Here's the question that I came across today: There are 10 men and 12 women in a group. A committee of 5 people from the group is to be chosen. How many committees containing least two women are possible? I managed to get the correct answer to the question by computing $C^{22}_{5} - C^{10}_{5} - 12C^{10}_{4}$.

However, why does $C^{12}_{2} \times C^{20}_{3}$ not give the same result? Since the first part of the product covers the number of ways of choosing two women, and the second part gives all the possible ways of choosing the remaining members of the committee.


You would be over-counting common results due to order of selection being unimportant as there are no privileged positions.

$^{12}C_2\,^{20}C_3$ counts the ways to select two women as heads of the committee and 3 of the remaining members as the rest of the committee.
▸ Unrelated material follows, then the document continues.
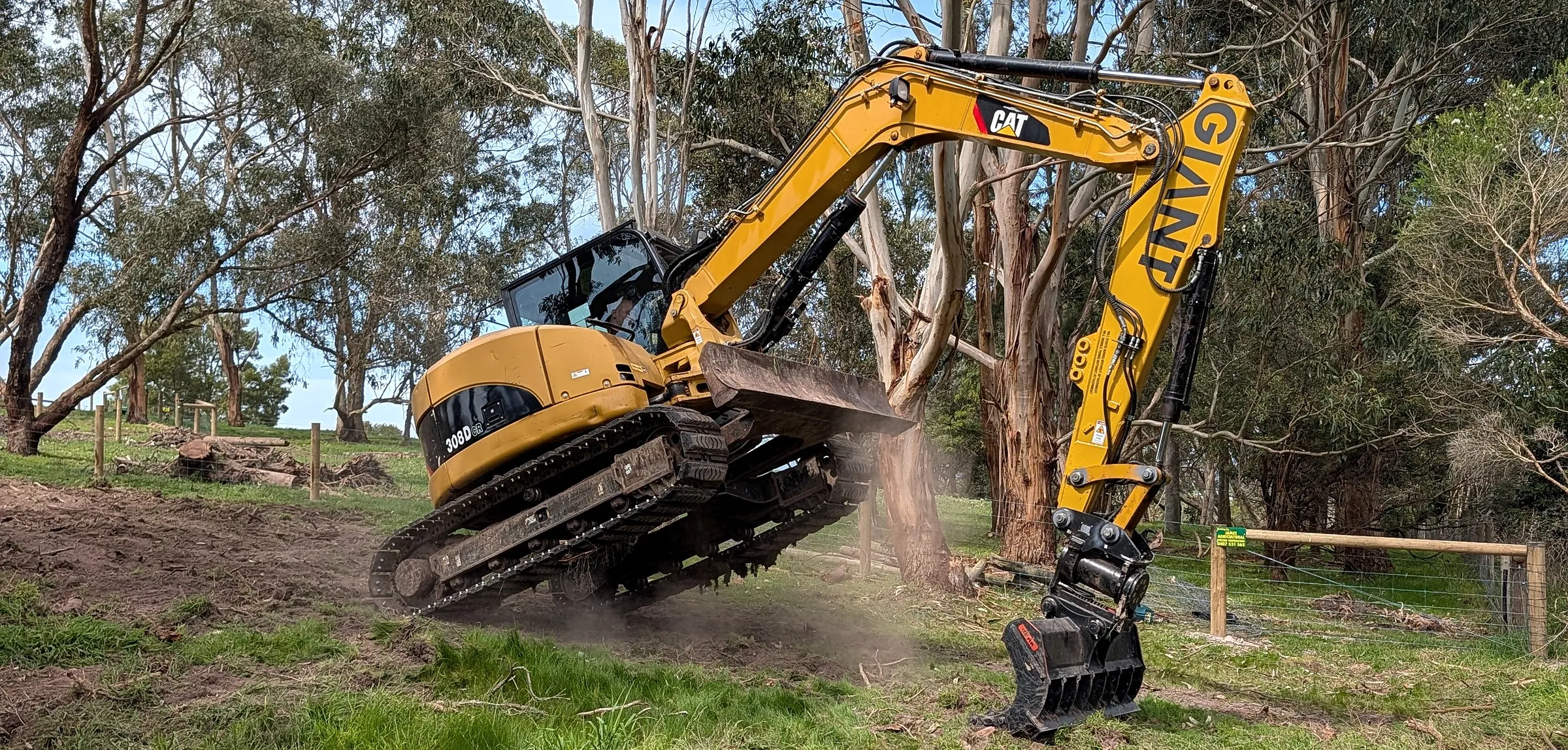 Giant Plumbing's 8 tonne excavator, GIANT on its boom, levelling ground on a site among gum trees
However, you don't want those two women to hold special positions from any other, we mustn't select from the women twice.
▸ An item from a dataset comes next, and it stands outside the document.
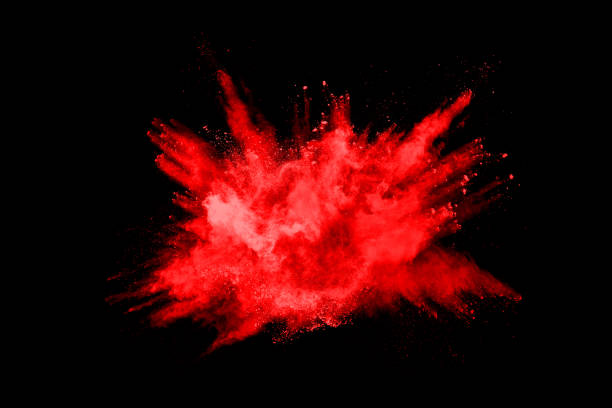 istock abstract red powder explosion on black background.abstract red powder splatted on black background. Freeze motion of red powder exploding. 1158688797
Instead, your answer, via complements, is correct.   You have counted the ways not to form a committee with less than two women.   That is indeed: $~{^{22}C_5} - {^{10}C_5}-12{^{10}C_4}$

Consider a simpler example of having to select a committee of three people with at least two women, from three women ($\rm A,B,C$) and one man ($\rm X$).

${^3C_2}\;{^2C_1}= 6$ would count ways to select two from three women then one from the two remaining.   That is: $\rm \{A,B,C\}, \{A,B,X\}, \{A,C,B\}, \{A,C,X\}, \{B,C,A\}, \{B,C,X\}$. Opps; several sets are just reordered, but order is not important; there are no privileged positions.

We should instead count ${^3C_2}\cdot 1 +{^3C_3} = 4$; ways select two women and one man, or select three women.   That is: $\rm \{A,B,X\}, \{A,C,X\}, \{B,C,X\}, \{A,B,C\}$ Okay!   Every distinct set is counted just once each.